The traditionally Republican Georgia 6th is in the midst of an ad blitz from Republicans. The special election primary will be held April 18. The special election will fill the House seat left vacant by President Trump’s Secretary of Health and Human Services Tom Price.

The Georgia 6th has a two-round election process, whereby an open primary pits all candidates -- regardless of party -- against one another. If any candidate secures over 50% of the vote, he or she wins outright.

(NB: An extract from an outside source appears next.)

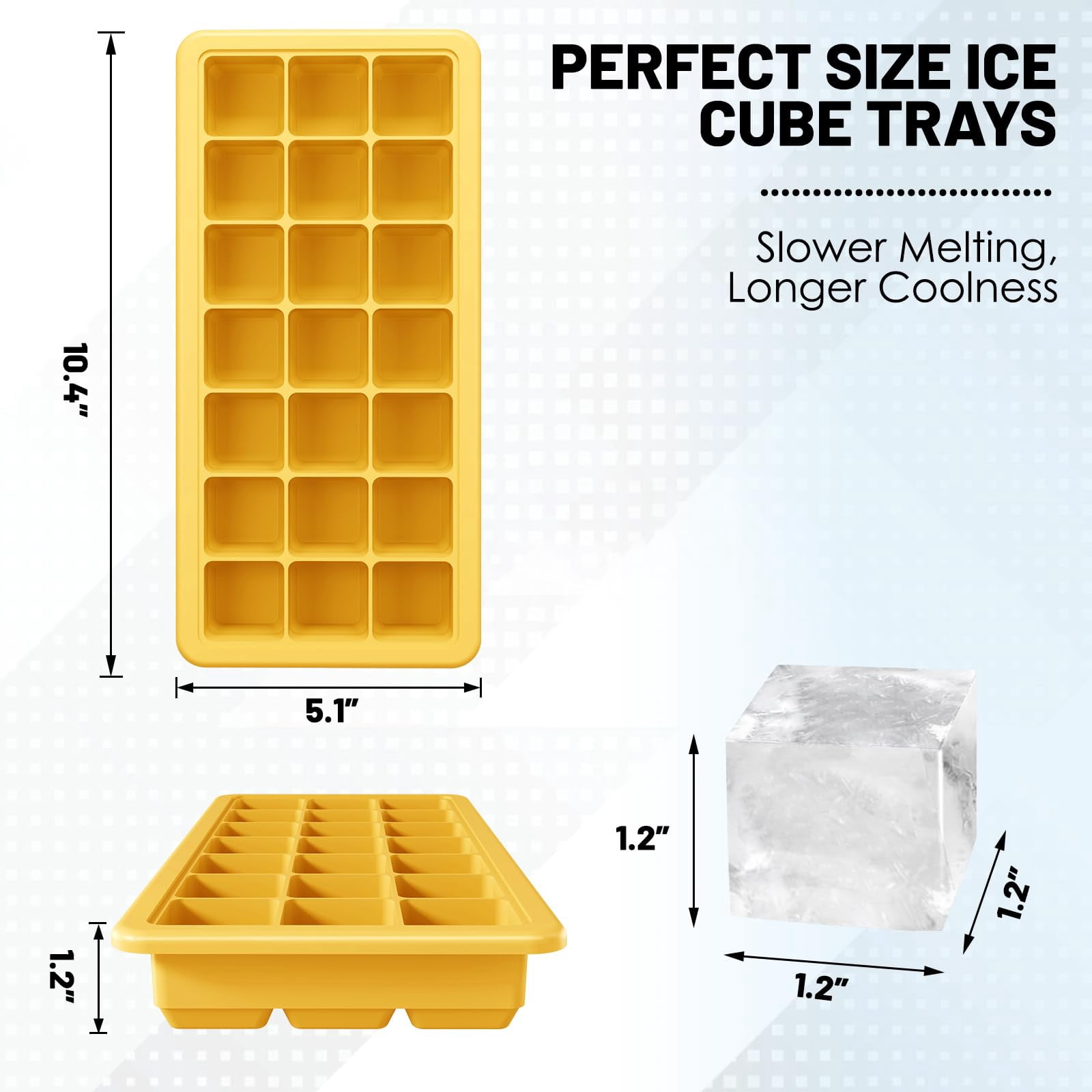 Silicone Ice Cube Trays 3packs  Easy Release Molds With Lid Freezer Stackable Maker For Food Bpa Free (2 Yellow)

If no candidate receives a majority, the top two candidates face each other in a runoff.

Consensus Democratic candidate Jon Ossoff had appeared strong in polling, getting close to the 50% mark, before Republican super PACs and the National Republican Congressional Committee (NRCC) descended on the district with multimillion-dollar ad buys.

So far, Ossoff has raised an unexpected $4 million in support of his campaign.

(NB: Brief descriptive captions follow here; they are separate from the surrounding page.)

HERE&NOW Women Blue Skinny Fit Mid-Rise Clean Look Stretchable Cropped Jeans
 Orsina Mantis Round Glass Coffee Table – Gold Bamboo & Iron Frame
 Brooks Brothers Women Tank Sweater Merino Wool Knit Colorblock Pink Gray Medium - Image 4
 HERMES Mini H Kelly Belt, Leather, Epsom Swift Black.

Starting in early March, the Congressional Leadership Fund (CLF), a GOP Super PAC close to House Speaker Paul Ryan, dumped $2.2 million into the race in a local TV buy. The ad buy appears to have had a positive impact in terms of damaging Ossoff’s early lead.

"In just one week, Ossoff has stalled on the ballot, and most importantly, he is now underwater with more voters viewing him unfavorably (38% favorable, 47% unfavorable). This is a large swing from last week,when he was +17 (43% favorable, 26% unfavorable)," according to reporting by The Washington Examiner, having obtained a memo written by GOP pollster Greg Strimple.

The NRCC has said it will spend at least $1.1 million in the Georgia 6th over the next two weeks. It’s first ad takes aim at “liberal politicians” and asks voters to “help defend our values.”

With the CLF ad buy appearing to have made a powerful impact on the race, Republicans are trying in earnest to block the 30-year-old Ossoff from capturing Tom Price’s former seat.

There are around a dozen GOP candidates vying for the Congressional seat — and there has been damaging infighting. Conservative group Club for Growth has spent $250,000 on local TV attacking Republican Karen Handel, second behind Ossoff in polling.

The Republican task is difficult; the crowded GOP field suggests a lack of consensus. Plus, the recently failed attempt to repeal the Affordable Care Act imposes additional downward pressure on GOP candidates.